GIVEN MATERIAL:
..............................

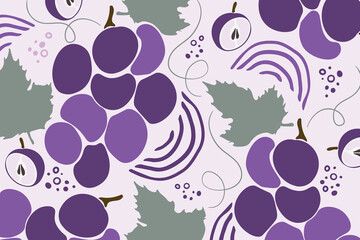 Bunch of grapes with leaf pattern. Simple grape in flat design. Vector illustration. Flat color cartoon style vector design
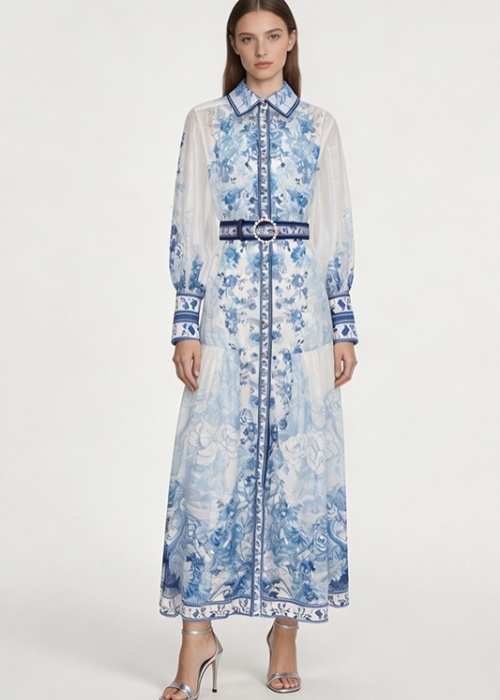 Spring court style dress single-breasted long corset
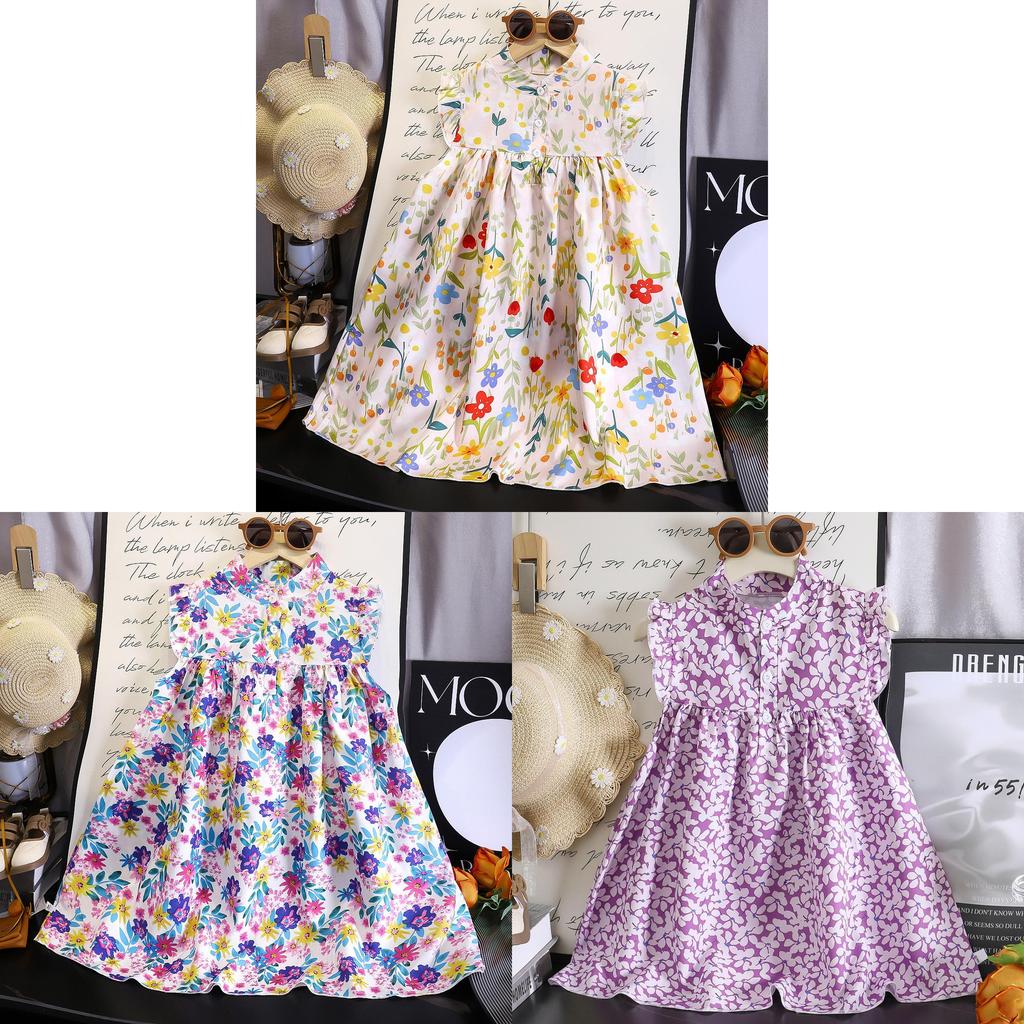 Korean Style Girl Summer Floral A Line Dress With Soft Fabric For Toddler Girls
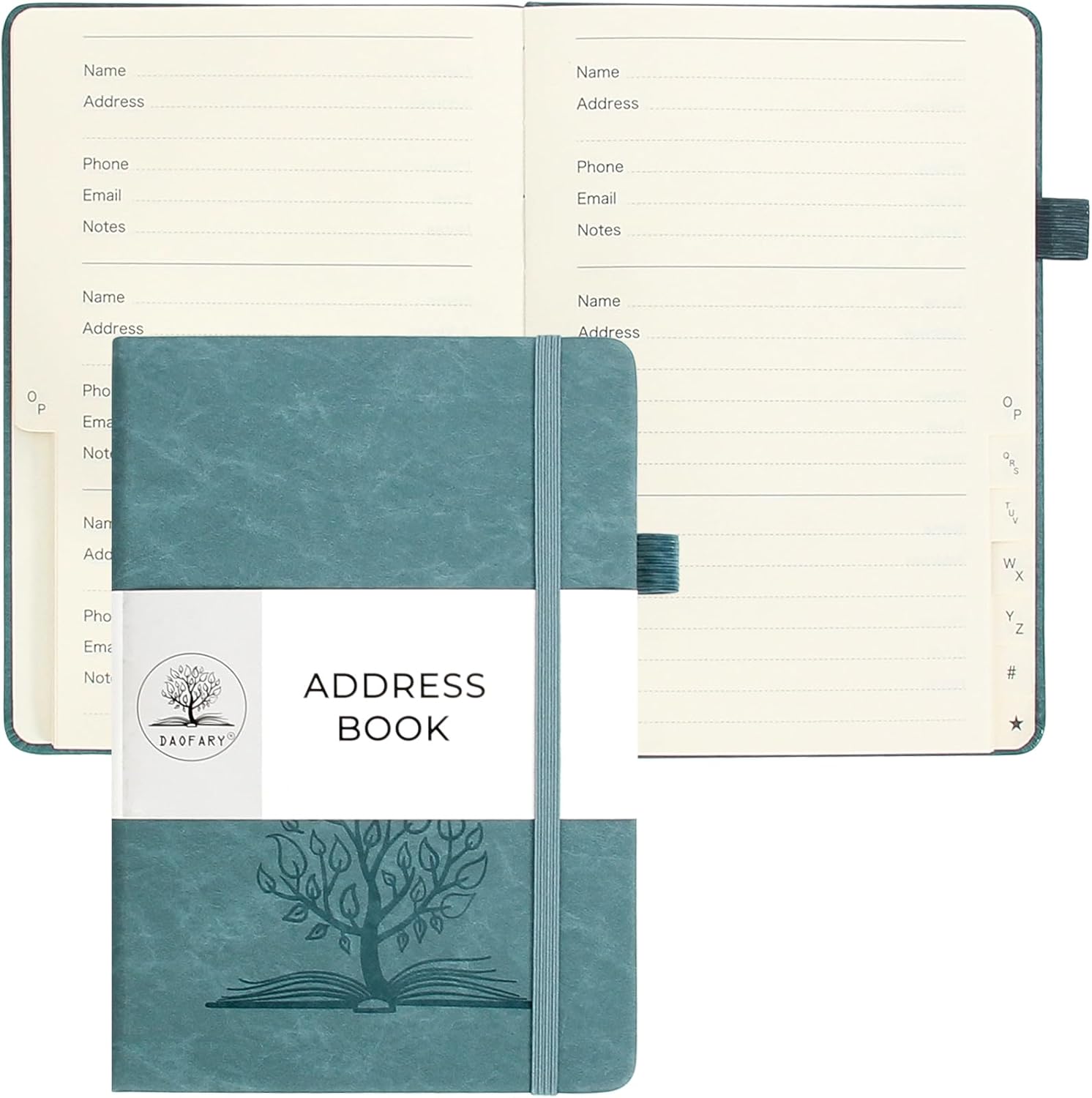 Libreta de direcciones con pestañas alfabéticas, pequeña libreta de direcciones (5.3 x 7.6 pulgadas) con bolsillo interior, cuaderno de direcciones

..............................

WHAT TO DO: Could you retype exactly, and only, the lines running from the one with "Spring court style" to the last line of the listing, while leaving any pictures out?

ANSWER BOX:
 Spring court style dress single-breasted long corset
 Korean Style Girl Summer Floral A Line Dress With Soft Fabric For Toddler Girls
 Libreta de direcciones con pestañas alfabéticas, pequeña libreta de direcciones (5.3 x 7.6 pulgadas) con bolsillo interior, cuaderno de direcciones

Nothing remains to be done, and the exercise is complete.